Within one week, I received two very different apologies. The first felt like an act of violence.
The second, an act of love. Both had surprising results. Here is the backstory.
The First Apology
A sometimes friend accused me of being unethical. I told her that what she said was hurtful and untrue, and that it was as if she never really knew me. She replied, “I’m sorry you feel that way,” taking no responsibility whatsoever for the negative impact her words had on me. There was nothing in her tone or her words that made me feel as if she were truly sorry for what she said.
And that was that. Smack! Bam! Ouch! The door on this tenuous friendship had slammed shut and I knew it. Ultimately, this closure was liberating. This friendship needed to have ended years ago.
“A sorry apology can add insult to injury.”
FRANK SONNENBERG, Author
Soul Food: Change Your Thinking, Change Your Life
The Second Apology
I had a fast turn-around time with a client, who is also a close friend. She needed a lot of work accomplished by me in one week. But she was not following through on the things I needed her to do before I could finish the work, and she was not communicating. As the week wore on, I was feeling increasingly undervalued and wished I had never taken on the project. I called her again to see if she had any of the tasks completed. She had not. I asked her why she hadn’t done what she needed to do. Instead of making excuses, she replied, “You’ve gone above and beyond the call of duty to help me. I have disrespected and devalued you and your time. There is no excuse for my behavior. Please forgive me. From now on, I will do what’s needed.”
At that moment, I felt so good. Also at that moment, I realized that I had never received a genuine apology before, an apology without excuses or subtly shifting the blame to me. The apology I received from my client also made me wonder how many genuine apologies I had given in my lifetime. Not many. I want to do better. The rest of our work together was joyful. She did what she needed to do when she needed to do it. Our friendship deepened. My trust grew. Our project turned out to be a huge success. Yes, conflict can be an “unexpected gift,” indeed!
More On Crafting an Effective Apology from Conflict - The Unexpected Gift, by Jack Hamilton and Elisabeth Seaman
Simply saying, “I’m sorry,” is not going to cut it. An insincere apology can make you come off as condescending and hinder any progress in resolving your troubles. But how do you offer a truly meaningful apology that doesn’t sound as if you’re just going through the paces and trying to achieve a quick fix? Without the skill to properly express to the other person that you’re sorry, you can turn something that began as a minor offense into a major blow to your relationship. Fortunately, you can learn how to apologize in a way that is meaningful and constructive.

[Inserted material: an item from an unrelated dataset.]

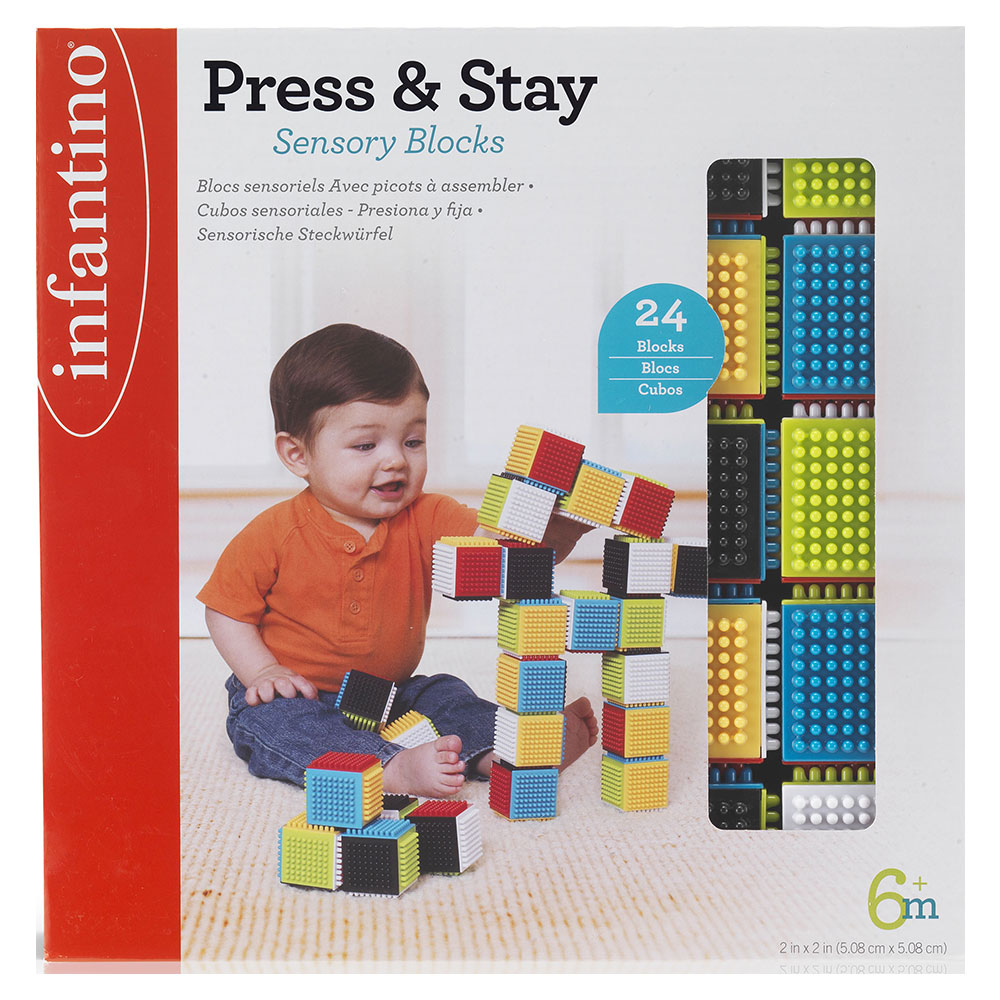 Infantino Baby Press & Stay Sensory Block Activity Toy - 24 Pcs (Exclusive)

Aaron Lazare, M.D., a psychiatrist and former dean of the University of Massachusetts Medical School, has written On Apology, an entire book about apologies. . . . Lazare found that the apologies most likely to be accepted by the other person should contain some key elements if they are to be effective:
● an acknowledgment of the offensive behavior
● an explanation of the offensive behavior
● a genuine expression of remorse
● an offer to make amends
Including these factors can help you craft an apology that will go a long way toward bringing you and the party you offended together. Following up in a sincere, positive way means that you need to include these elements:
Acknowledge the unfounded assumptions you made about another person by following these guidelines:
● When you have offended another person, acknowledge what you did.
● Take responsibility for the effects that your attitudes, beliefs and actions had on the
● Say why you acted the way you did. Be truthful.
● Apologize for making those incorrect assumptions. In the best apologies, you will
abide by these principles:
(1) Express regrets for what you did that was hurtful to the other person.
(2) Be honest and sincere in expressing a truly genuine apology to the
person you offended.
(3) Make a sincere effort to right any wrongs you have committed. Do whatever you can
to help the other person recover emotionally from what you said or did.